Scientists Florence Wilkinson and Dan Stowell developed an app that is capable of identifying the songs of 220 British birds.
Warblr, as the app is called, was launched on Thursday and works much like Shazam, the music app that identifies songs from a database of tracks.
Users need to get close enough to a particular bird in order to record its song then the Warblr app, which uses information from the British Trust for Ornithology(BTO) and is said to be up to 95 percent accurate, would produce a list of possible birds that are ranked by likelihood.
The app also comes with geo-location technology, which would build a map of sightings that could help researchers monitor the habitats of different species of birds. This could also help them monitor the declines, increases and migration patterns of birds.
Using the app though isn't free of qualms as writer and naturalist Stephen Moss related.
"This is not as easy as it sounds, as I discovered when I tested them out in my Somerset garden," Moss said. "Just as I pressed the record button, the bird would fall silent; or a gust of wind would blow; or one of my children would ask why I was holding my phone up against a hedge.
The makers of the app hope that it will appeal to the five million people who bird watch in the UK each year and those who are just interested in knowing the species of birds that are nearby.
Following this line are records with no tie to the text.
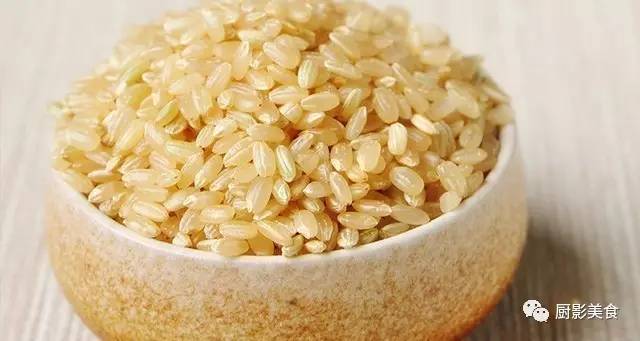 大米种类有粳米籼米,盒马鲜生大米种类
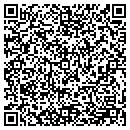 QR code with Gupta Rashmi MD contacts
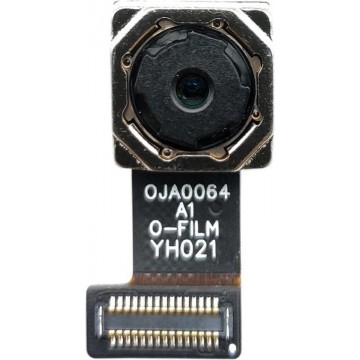 Let op type!! Back Camera Module for Asus Zenfone 3 Max ZC553KL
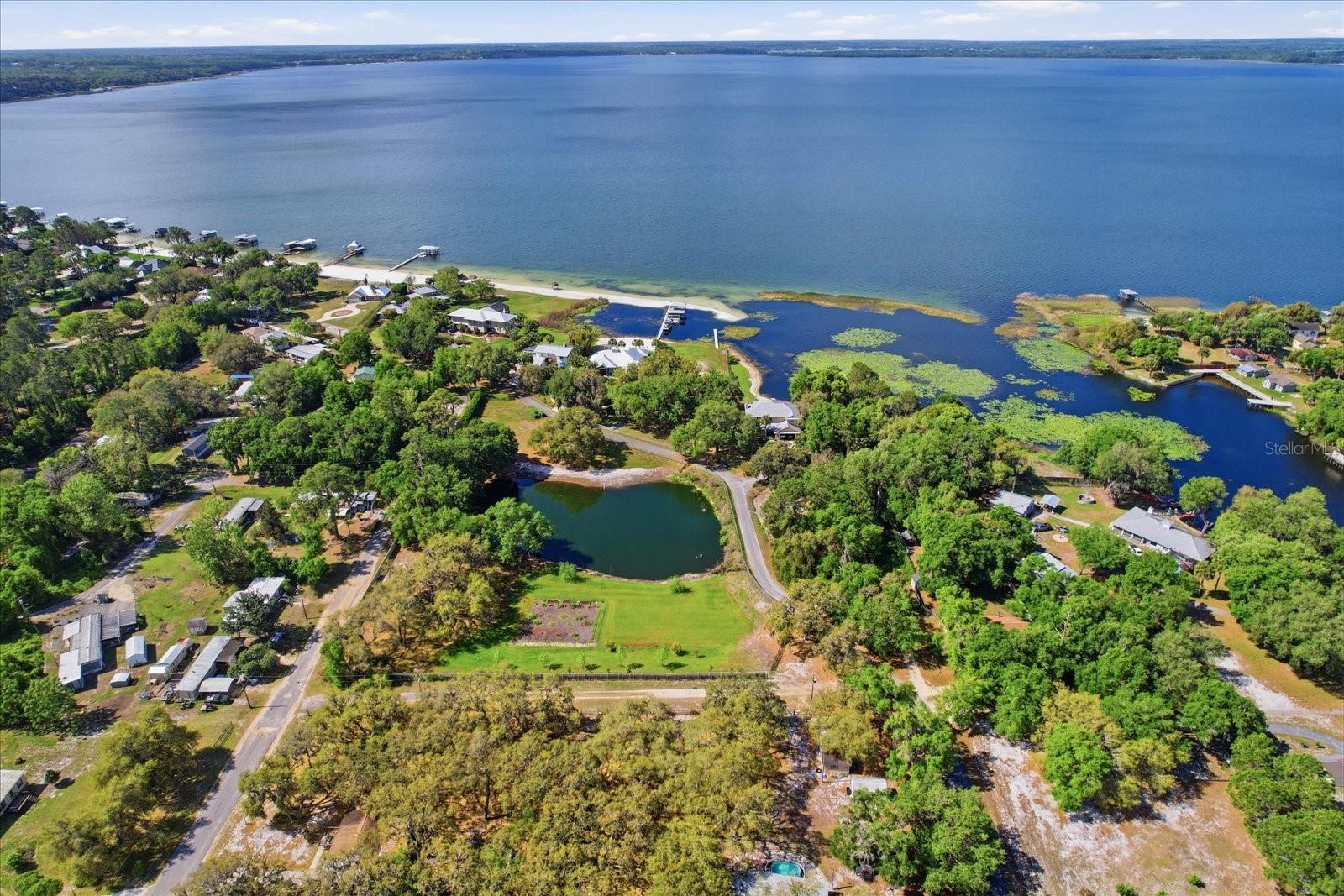 Image 14 of 14 For Tbd 142nd Court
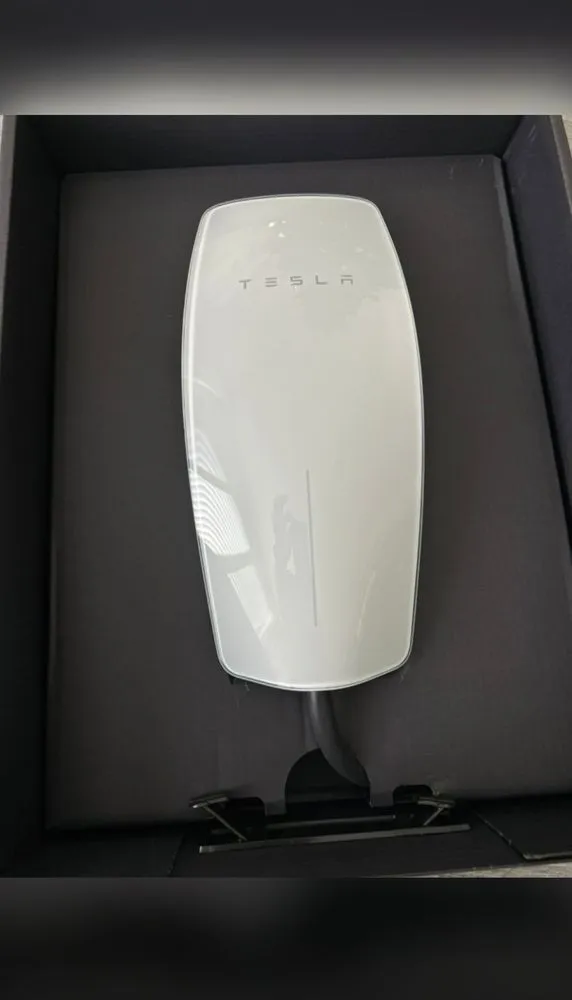 Slide of Crkt Electric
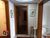 Apartamento, 3 quartos, 200 m² - Foto 2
The scientists also hope that the app would encourage technology-obsessed young people to explore nature.
"Here at Queen Mary University of London we've been at the forefront of developing this new technology for a while now, but as a scientist you don't always get the chance to place your work directly in the hands of the general public - it's a real privilege," Stowell said. "The beauty of it is that the more people who use Warblr and submit recordings to our server, the more accurate we can train our technology to become."
The app is now available for iOS users at £3.99. Its makers said that they hope to develop an Android version of the app using the funds earned from the iPhone app.